Georgia pastor Johnny Hunt and former missionary Avery Willis will be nominated for president of the Southern Baptist Convention during the SBC’s June 10-11 annual meeting in Indianapolis.
Avery Willis
Johnny HuntHunt and Willis are among four announced nominees for the post, joining Frank Cox, also a Georgia pastor, and Bill Wagner, also a former missionary and seminary professor and current president of Olivet University International in San Francisco.

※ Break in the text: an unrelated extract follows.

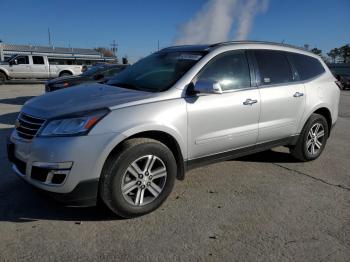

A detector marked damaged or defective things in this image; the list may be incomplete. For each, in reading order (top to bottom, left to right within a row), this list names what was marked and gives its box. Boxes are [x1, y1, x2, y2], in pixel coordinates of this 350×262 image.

cracked asphalt [0, 85, 348, 260]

A native of North Carolina, Hunt has been pastor of First Baptist Church, Woodstock, since December 1986. During his first year as pastor, the church baptized 318 people and had 268 additions by statement and letter. Since he arrived, the church has seen average Sunday school attendance grow from 275 to 4,705, according to the 2007 Annual Church Profile.
In the 21 years of Hunt’s pastorate, church membership has increased from 1,027 to 16,495. Current average church worship attendance is 6,180.
In 1980, while attending Southeastern Baptist Seminary, Hunt served as pastor of Falls (N.C.) Baptist Church, which led North Carolina Baptists in Sunday school growth. During his pastorate, Longleaf Baptist Church in Wilmington, N.C., also led the Baptist state convention in baptisms for three consecutive years beginning in 1983.
FBC Woodstock relocated to an 82-acre site in the fall of 2004. The $54 million sanctuary, which seats 7,500, hosts two morning worship services.
Since 1987, the congregation has sent out more than 135 missionaries and started more than 78 churches. The congregation has developed ministries such as the “City of Refuge,” which provides an environment that enables hurting pastors and their families to find hope and healing.
Ted Traylor, pastor of Olive Baptist, Pensacola, Fla., said his “deep concern about the future of the Southern Baptist Convention” led him to want to nominate Hunt.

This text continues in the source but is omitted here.